Mr. Solway was not in the vanguard of the commuters; he came leisurely and with dignity, talking with another man. Ross stood beside the open door of the car; with a nod Mr. Solway got in, and the other man, too. They paid no attention whatever to Ross; they settled themselves, and went on talking, as if he were a ghost.
“They closed at five and an eighth,” said the other man. “I can’t help thinking that--”
“Now, see here!” Mr. Solway interrupted. “You hold on to them, my boy. I told you it was a good thing.”

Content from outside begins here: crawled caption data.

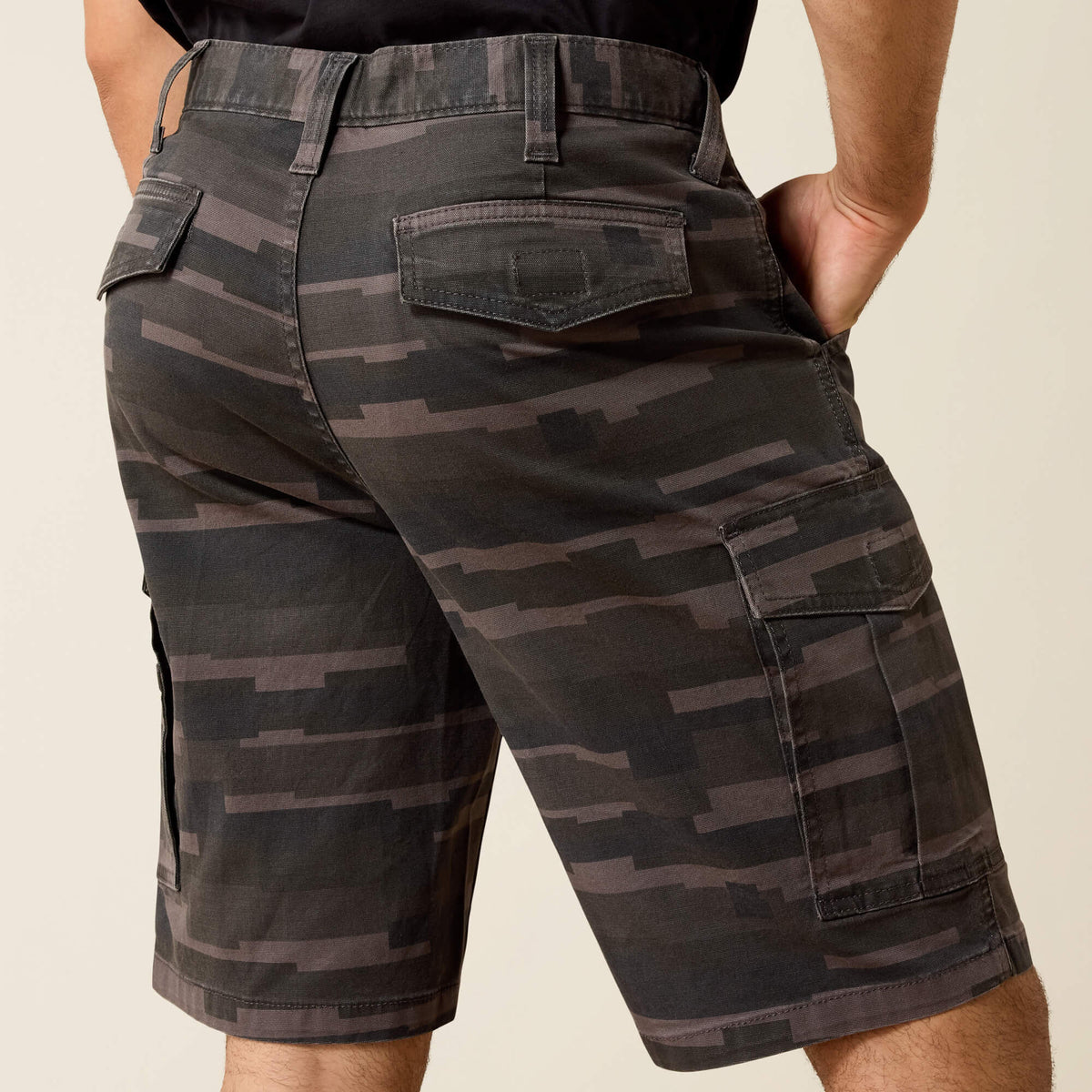 Rebar DuraStretch Made Tough Cargo 11" Short Ariat Men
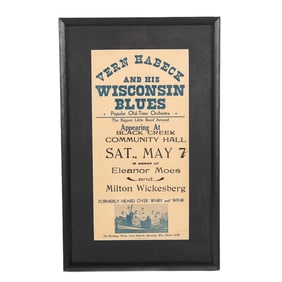 Vern Habeck Wisconsin Blues Orch Framed Advert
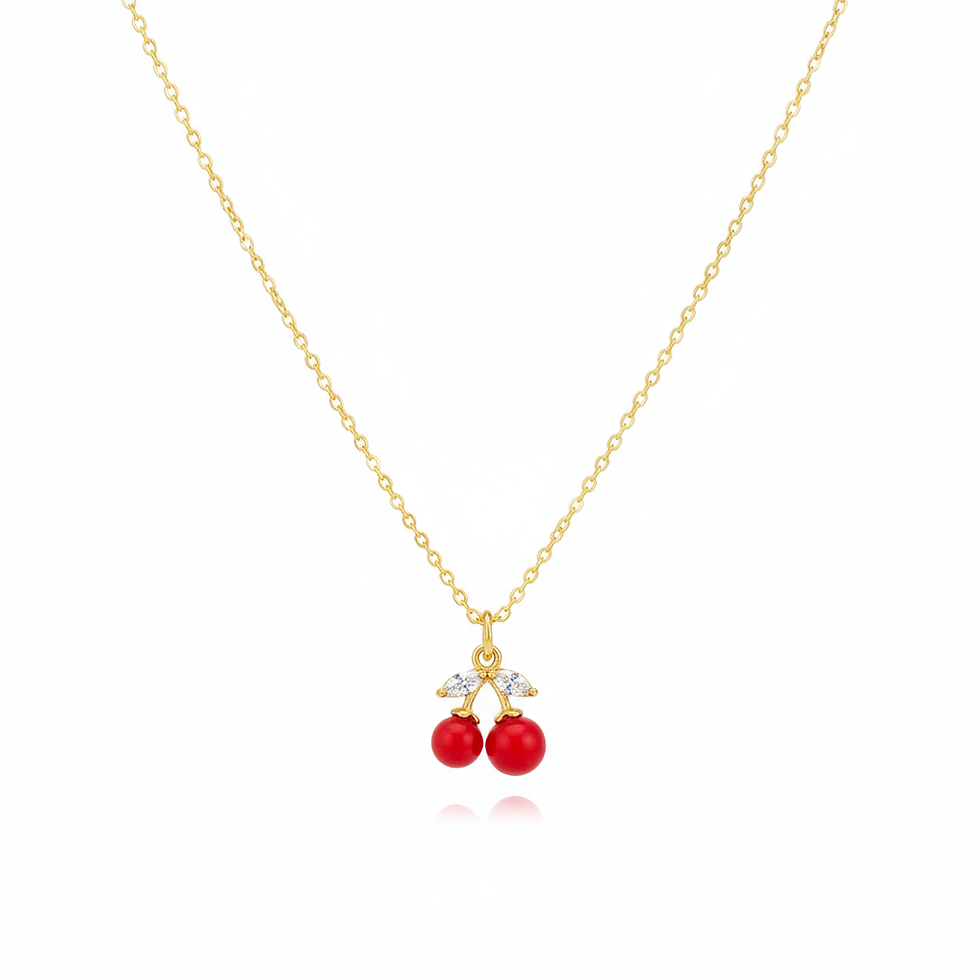 Thumbnail: The Cherry On Top Gold Chain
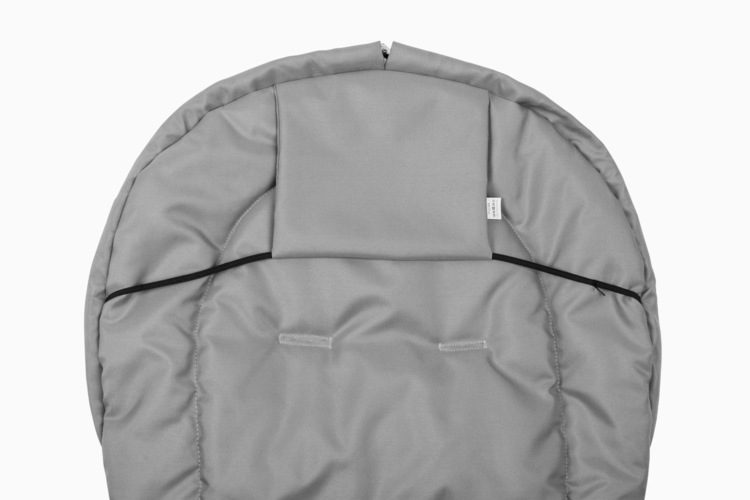 Romper Bag for Pushchair– light grey polar fleece (95x40) - Image 3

“It would be,” said the other. “A very good thing, sir, if I could unload at five and an eighth--or even a bit less--when I bought at three and three-fourths.”
“Now, see here!” said Mr. Solway. “I’ll tell you something--which you needn’t mention anywhere. I’m _buying_ at five and an eighth--up to six and a half. Buying, mind you, my boy!”
This was almost more than Ross could bear. This was just the sort of talk he had thirsted for; this was what he had come to New York for; to buy stocks at three and three-fourths and sell at six and one-half, or more. There he sat, with his peaked cap pulled down over his lean, impassive face, listening with a sort of rage. If he could only ask Mr. Solway questions, only tell him that he had a few thousands of his own all ready and waiting for a little venture like this.
“And you’ll need all you can get, my boy,” Mr. Solway went on, “if you’re going to marry Amy.”
Then this was Gayle? Ross turned his head for one hasty glance--and then, encountering the astonished frown of Mr. Solway, realized what an improper thing he had done. Chauffeurs must not look.
He had had this look, though, and had gained a pretty accurate impression of the stranger. A tall young fellow, fair haired and gray eyed; he was stalwart and broad shouldered, and altogether manly, but there was in his face something singularly gentle and engaging.
“And that’s the fellow!” thought Ross. “That’s the fellow who’s going to be fooled and lied to.”
He liked him. And he liked the vigorous and blustering Mr. Solway, and he liked this rational, masculine conversation. It reassured him. He reflected that, after all, he was not alone in this miserable affair, not hopelessly cornered with the preposterous girl. No; Solway was her stepfather, and the other man was her “Gayle.” They were in it, too. They were his natural allies.
“She’s got to tell them, that’s all,” he said to himself. “They’ll both stand by her. I’ll make her tell them. I can’t handle this infernal mystery alone. I’m too much in the dark.”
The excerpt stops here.